I would like to make a seamless integration of data from the PSC bulk file and the PSC streaming API.

The only timestamp information on the PSC bulk file comes in the last line. For example, for the file available a few days ago this was (note I have adjusted formatting slightly for reading clarity):

{“data”:
{
“kind”: “totals#persons-of-significant-control- snapshot”,
“persons_of_significant_control_count”: 9810297,
“statements_count”: 628256,
“exemptions_count”: 61,
“generated_at”: “2022-07-03T03:41:30+01:00”
}
}

My question is: Can I rely on generated_at for comparison with the event.published_at data element from the streaming API? More specifically, is it guaranteed that the bulk file accounts for all changes/deletions made up to the generated_at moment and nothing else, so that if I begin with API timepoints with event.published_at immediately after that timestamp that I will have a seamless integration with no data loss?

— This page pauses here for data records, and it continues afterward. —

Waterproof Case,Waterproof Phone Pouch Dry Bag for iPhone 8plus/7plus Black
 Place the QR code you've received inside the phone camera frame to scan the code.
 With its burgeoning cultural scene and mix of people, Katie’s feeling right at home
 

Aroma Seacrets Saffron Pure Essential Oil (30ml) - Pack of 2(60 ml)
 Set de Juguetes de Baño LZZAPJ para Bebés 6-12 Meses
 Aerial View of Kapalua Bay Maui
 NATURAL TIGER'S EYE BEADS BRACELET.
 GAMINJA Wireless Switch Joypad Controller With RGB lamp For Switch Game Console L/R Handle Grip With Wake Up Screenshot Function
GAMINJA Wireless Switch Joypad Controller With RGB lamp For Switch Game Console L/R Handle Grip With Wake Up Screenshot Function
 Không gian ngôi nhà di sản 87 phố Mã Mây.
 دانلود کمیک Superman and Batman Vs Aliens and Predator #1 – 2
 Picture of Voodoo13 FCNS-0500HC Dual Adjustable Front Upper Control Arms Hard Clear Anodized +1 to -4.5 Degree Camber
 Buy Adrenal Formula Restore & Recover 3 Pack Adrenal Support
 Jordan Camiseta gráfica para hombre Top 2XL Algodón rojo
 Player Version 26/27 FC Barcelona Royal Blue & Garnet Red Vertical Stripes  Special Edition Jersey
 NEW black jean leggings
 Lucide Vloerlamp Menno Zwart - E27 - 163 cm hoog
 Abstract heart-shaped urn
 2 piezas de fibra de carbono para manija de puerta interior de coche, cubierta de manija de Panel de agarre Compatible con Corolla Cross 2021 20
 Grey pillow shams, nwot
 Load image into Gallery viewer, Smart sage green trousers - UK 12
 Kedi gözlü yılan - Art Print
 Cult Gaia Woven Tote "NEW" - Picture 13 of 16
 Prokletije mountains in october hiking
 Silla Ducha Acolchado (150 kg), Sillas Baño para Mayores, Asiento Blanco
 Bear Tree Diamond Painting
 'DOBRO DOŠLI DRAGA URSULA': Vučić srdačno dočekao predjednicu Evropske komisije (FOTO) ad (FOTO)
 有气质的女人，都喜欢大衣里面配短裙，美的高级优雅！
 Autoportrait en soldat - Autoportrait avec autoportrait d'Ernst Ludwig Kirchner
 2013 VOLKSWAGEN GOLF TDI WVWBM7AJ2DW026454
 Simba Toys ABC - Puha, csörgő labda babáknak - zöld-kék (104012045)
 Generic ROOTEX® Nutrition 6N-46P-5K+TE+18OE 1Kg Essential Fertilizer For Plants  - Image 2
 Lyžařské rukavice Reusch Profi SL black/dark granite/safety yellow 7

I realize there may be timezone issue based on the formatting of the timestamps, but I should be able to figure that out.

Thanks

MArkWilliams · July 8, 2022, 2:21pm

The “generated_at”: “2022-07-03T03:41:30+01:00” is the end time of the dump process. It is configured to start at 03:30hrs (Although it is sometimes produced at different times of the day) and generally takes approx 10-15 mins.
The data source is not ‘locked’ so there is a chance that updates could be applied during this 10-15 min window.
Hope that helps.

jburant · July 8, 2022, 3:46pm

Thanks. Instead of trying for an exact match on timing, I started with a bulk file and took the streaming API timepoints starting the prior day and just walked through them sequentially matching with the bulk file on links.self updating by overwriting bulk file data when a change event was specified and deleting where a delete event was specified. Any reason that wouldn’t be a reasonable approach?